All even at 42 at halftime, the West took over the second half of the McDonald’s All-American boys game on Tuesday night to pull away for a 102-86 win. The West did it behind a Co-MVP effort from five-star Caleb Holt, who finished the game with 11 points, five rebounds, and four assists. Missouri commit Jason Crowe Jr. was also Co-MVP with 16 points, five assists, and two rebounds.
In March, Holt, the No. 4 recruit in the country, committed to Arizona, choosing Tommy Lloyd’s Wildcats over Alabama. Oats’s 2026 recruiting class is still strong, with three four-star commits: Qayden Samuels, Tarris Bouie, and Jaxon Richardson, who also played on Tuesday night and finished with 13 points and three rebounds. But Holt proved that he’s on a different level and exactly what Alabama desperately needs.
Caleb Holt named Co-MVP of McDonald’s All-American game
College basketball has changed since Oats led the Crimson Tide to the Final Four two years ago. That may sound absurd, but in that time, the best teams in the country have supersized, opting for massive front courts and rim dominance over the high-variance style of five-out three-point shooting that Oats prefers.
That stylistic shift has upset-proofed many of the top teams, providing an incredibly high offensive floor with easy baskets at the rim and offensive rebounds to control the possession game. Holt isn’t a massive front-court player, but at 6-foot-5, 200 pounds, he’s the type of power guard who can defend up and down the lineup, grab rebounds, and attack the basket while still having a capable outside stroke. In other words, he’s the perfect evolution of the Oats offense.
After the Tide’s Sweet 16 loss to Michigan, Oats openly acknowledged that his team didn’t have enough size, once again bemoaning Charles Bediako’s eligibility ruling. However, Alabama doesn’t just need a stable of centers to protect the rim and bang inside; it also needs positional size on the interior. The Aden Holloway suspension revealed that.
While it’s hard to argue that Alabama was better without Holloway, the Tide dominated their first two games of the NCAA Tournament with a bigger lineup, slotting London Jemison at the four next to Aiden Sherrell, which slid Amari Allen to the three and Latrell Wrightsell Jr. to the four.
Wrightsell thrived defending guards, most notably Texas Tech’s Christian Anderson, and Allen appeared much more comfortable on the wing with Labaron Philon Jr. as the only small guard on the floor. Michigan was in another league entirely, one of the most supersized rosters in the country, but Alabama’s pace was able to run their 7-foot-4 center Aday Mara off the floor.

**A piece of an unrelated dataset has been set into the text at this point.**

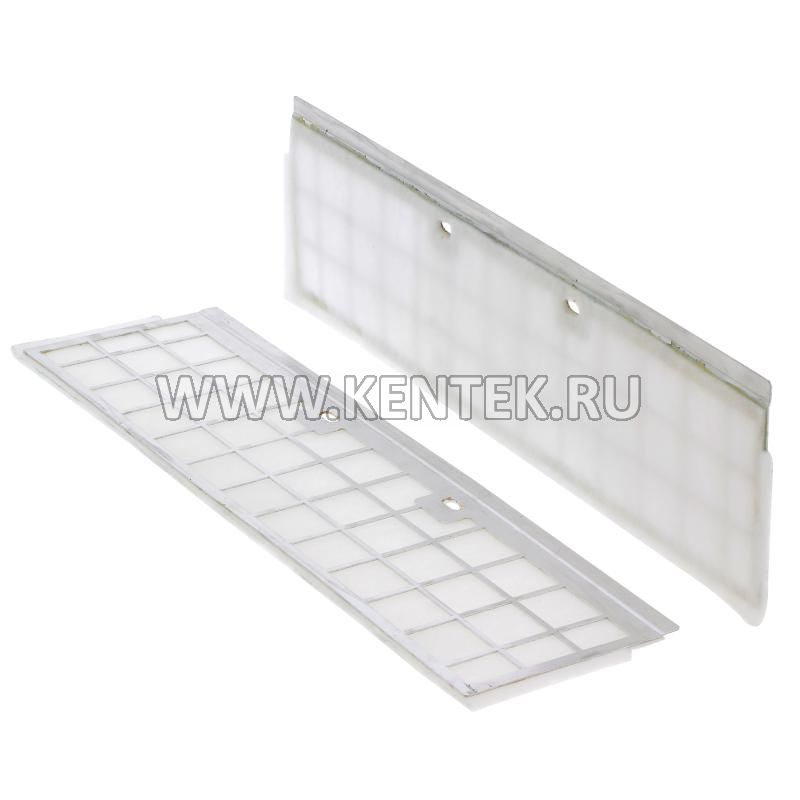 Воздушный фильтр кабинный HIFI SC50384 HIFI  - фото, характеристики, описание.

Even in a blowout loss, Alabama’s success against Michigan’s three-big lineup proves there is a happy medium for the Tide where they play with pace, and great positional size on the wing, but without sacrificing anything on the interior. That’s possible, and it takes big, powerful guards like Holt, who displayed an impressive knack for rebounding on Tuesday night in Phoenix.
Alabama’s incoming class represents that shift, all 6-foot-4 to 6-foot-5 playmaking wings, but Holt is the platonic ideal of that player, and he gave Alabama fans a little reminder of that against the best competition in the country.